##### Exercise data #####
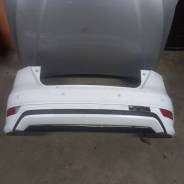 ������ ������ ���� ����� 3 Ford Focus 3 ���������� ������� F1EB17906A ����
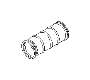 View Seal Pipe Full-Sized Product Image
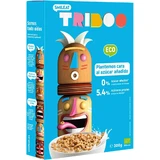 Smileat Eco Ontbijtgranen 300 G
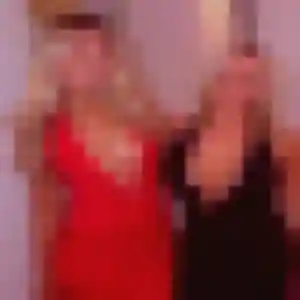 Sexy Severine, 36 ans à Plourin - la contacter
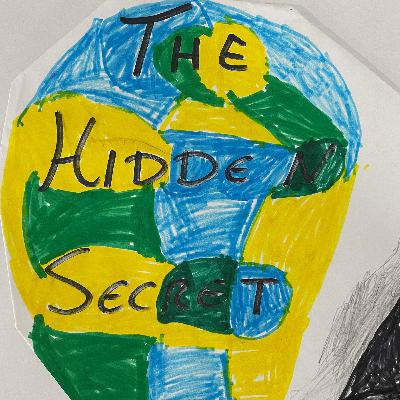 Wakefield Summer S'Cool 2024: The Hidden Secret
#####
--- Activity ---
Please set down the data above exactly as given, leaving every picture out.

--- Written solution ---
 ������ ������ ���� ����� 3 Ford Focus 3 ���������� ������� F1EB17906A ����
 View Seal Pipe Full-Sized Product Image
 Smileat Eco Ontbijtgranen 300 G
 Sexy Severine, 36 ans à Plourin - la contacter
 Wakefield Summer S'Cool 2024: The Hidden Secret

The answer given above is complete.